DHCP Historical background
At
first, most TCP/IP networks were
relatively small and static. Manual IP address management
techniques were sufficient for them. Each station kept its own IP address somewhere in
its secondary storage. Once the address had to be changed, it required manual
administrator action, usually at the machine console, and in most cases
involved a reboot.
Soon
afterwards, as more complex networks were established, as more and more
underlying network hardware was used for TCP/IP communication
networks and as cheap client workstations without secondary storage came in
use, a need for central administration of the hardware to IP addresses bindings
became understandable. A special protocol (RARP)

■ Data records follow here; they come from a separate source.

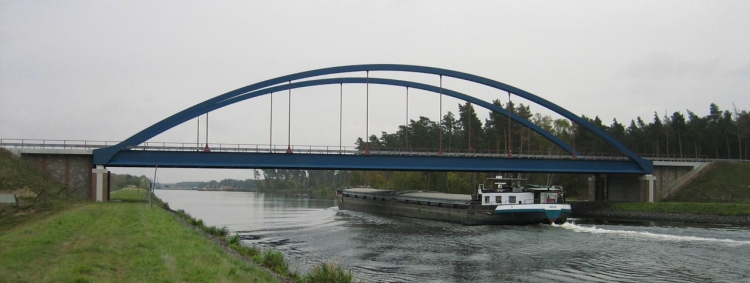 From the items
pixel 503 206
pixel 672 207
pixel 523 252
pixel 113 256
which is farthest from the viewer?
pixel 672 207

for such bindings was designed. It allowed a machine on a network segment to
learn its own IP address and then to
begin normal TCP/IP operation.
Another
protocol, BOOTP,
was also developed to allow diskless stations retrieve all the TCP/IP configuration
parameters and other operating system data, needed to start functioning
normally after a startup.
The
next extension to BOOTP provided the Dynamic
Host Configuration Protocol, DHCP.
There are two primary differences between DHCP and BOOTP.
First, DHCP defines mechanisms
through which clients can be assigned a network address for a finite lease,
allowing for serial reassignment of network addresses to different clients.
Second, DHCP provides the
mechanism for a client to acquire all of the IP configuration
parameters that it needs in order to operate. So DHCP is based on BOOTP,
adding the capability of automatic allocation of reusable network addresses and
additional configuration options. DHCP captures the behavior
of BOOTP relay agents, and DHCP participants can
interoperate with BOOTP participants.